→ Task to carry out
All of the lines below are to be transcribed faithfully, with pictures excluded from the copy.

→ Input data
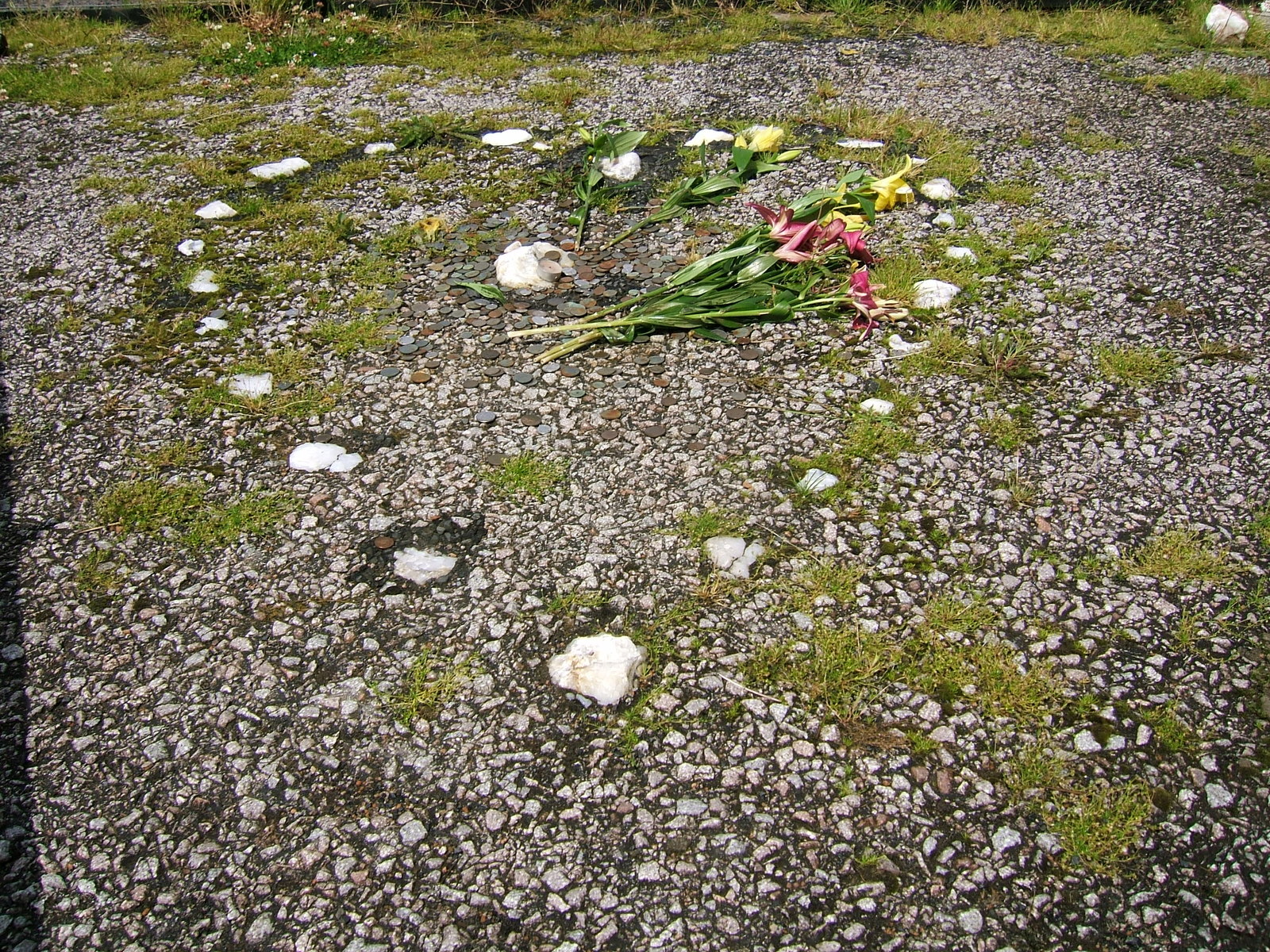 The Tinkers' Heart — image 3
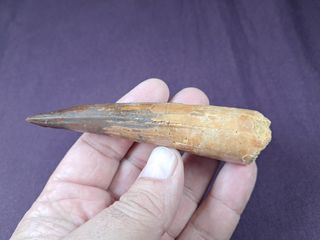 Diente de Dinosaurio,Spinosaurus aegyptiacus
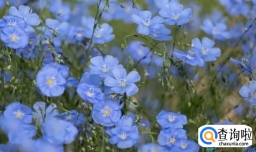 甜美温馨可爱好听女孩名字（建议收藏）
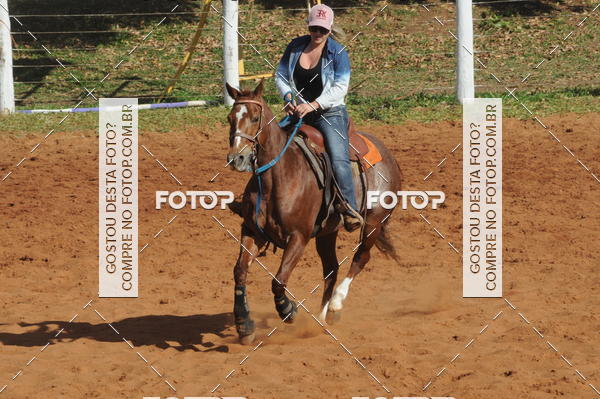 Buy your photos of the eventTEAM PENNING  GRANDE FINAL CAMARU on Fotop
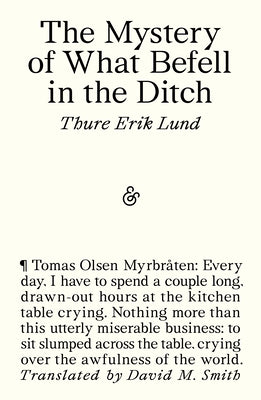 Cover Image for The Mystery of What Befell in the Ditch -- Thure Erik Lund, Paperback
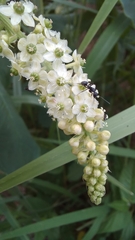 Phytolacca thyrsiflora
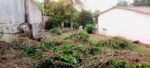 Land for Sale in Makola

→ Answer space
 The Tinkers' Heart — image 3
 Diente de Dinosaurio,Spinosaurus aegyptiacus
 甜美温馨可爱好听女孩名字（建议收藏）
 Buy your photos of the eventTEAM PENNING  GRANDE FINAL CAMARU on Fotop
 Cover Image for The Mystery of What Befell in the Ditch -- Thure Erik Lund, Paperback
 Phytolacca thyrsiflora
 Land for Sale in Makola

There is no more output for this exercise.